I gave birth to my son a little over a month ago. My husband and I are still trying to navigate this thing called parenting while living with my parents as we attempt to get our things in order and find a new place (old place raised the rent to an amount we were unable to afford and my parents offered to let us stay). While we are incredibly grateful that our son is already loved immensely, we want to try and figure out our son and his cues. We do not want to rely or push things off onto anyone else.
With that being said, I have had some issues with my son in the recent weeks deciding that he doesn't want to sleep at night. The scenario plays out like this: I think my son is sleeping (eyes close & seems like he's already dreaming), I put him into the bassinet for the night, about 10-20 minutes later he wakes up crying/screaming. This goes on about 7-8 times over the course of a few hours. The only thing that seems to quiet him is to be held and/or rocked to sleep.

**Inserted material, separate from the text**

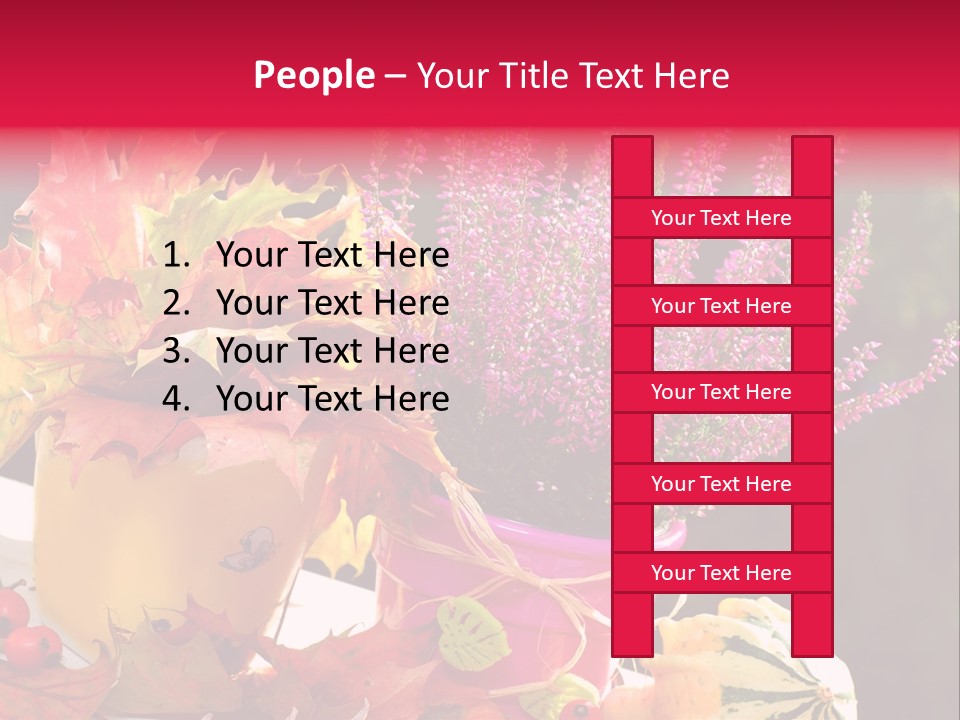 Garden Pot Growing PowerPoint Template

The problem with this is that I cannot imagine holding/rocking him all night long, get no sleep myself, then try to take care of him the following day on zero sleep.
Now here is where the problems have begun. Every one seems to have THE solution on how to deal with this: swaddle him, warm milk, warm bath, warm bath then warm milk, try talking to him, etc. I have tried all of these options but when I tell people I have already tried their suggestion and it does not work I am met with some form of disbelief.

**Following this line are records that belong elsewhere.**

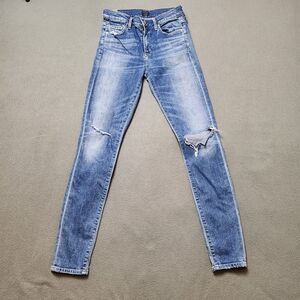 Citizens of Humanity Rocket jeans High Rise Skinny Sz 25 Distressed
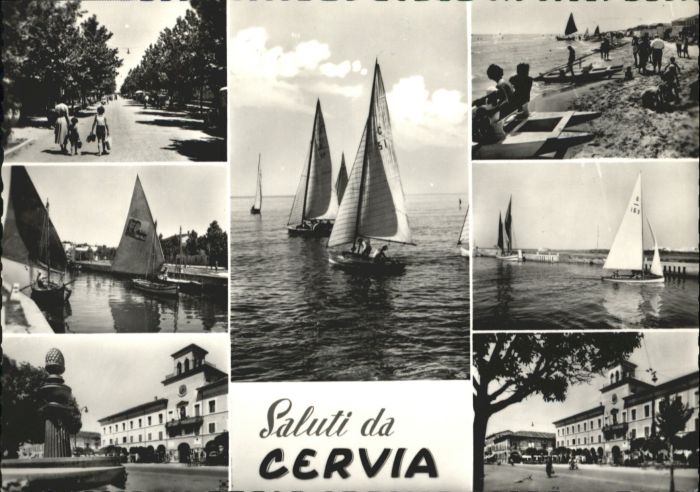 Cervia Schiff Brunnen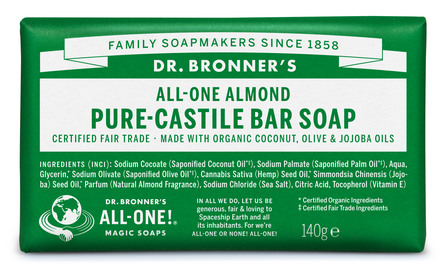 Dr. Bronner's Bar Soap Almond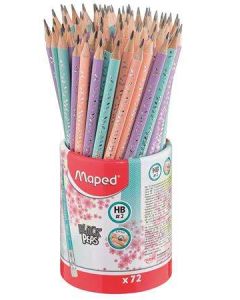 CERUZA MAPED, HÁROMSZÖGLETŰ HB, BLACK PEPS, PASZTELL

This past week when my aunt, uncle, cousins, and grandmother all decided that they wanted to stop by at 8pm and my son was screaming crying in his crib, I attempted to console him by talking to him and rubbing his stomach and head while they were all outside chit-chatting. This did NOTHING to calm him. They all came back inside and while my grandmother was on the way to use the restroom, she talked to him from the doorway of his nursery and calmed down for a minute. Now I attribute this to the fact that he had been crying for a good 5-10 minutes already and was taking a breath. In that moment, my grandmother stated "See! You just need to talk to him." I became frustrated with having very little sleep, the crying from my baby, the family who came over late in the evening, and the constant advice. When I told them no, that wasn't the case, my grandmother told my mother "She doesn't get it" to which my mother replied "No, she doesn't." When they said that (in front of everyone), I was so hurt.
I talked to my mother about this comment the following day and she said that I always have some sort of reply when someone tries to offer advice. I explained that often times I have already tried the advice and it hasn't worked but they haven't seen me try it so they think I am just writing them off.
I feel as though I am not taken seriously because I am a new mother and I have no experience. I also believe that my mother was expecting me to be asking for her help more than I do. Could she be offended that I am not asking for help? Am I in the wrong because I want to try things my own way?
Sorry for such a long post but I had to vent. I am just so frustrated and don't know what to do.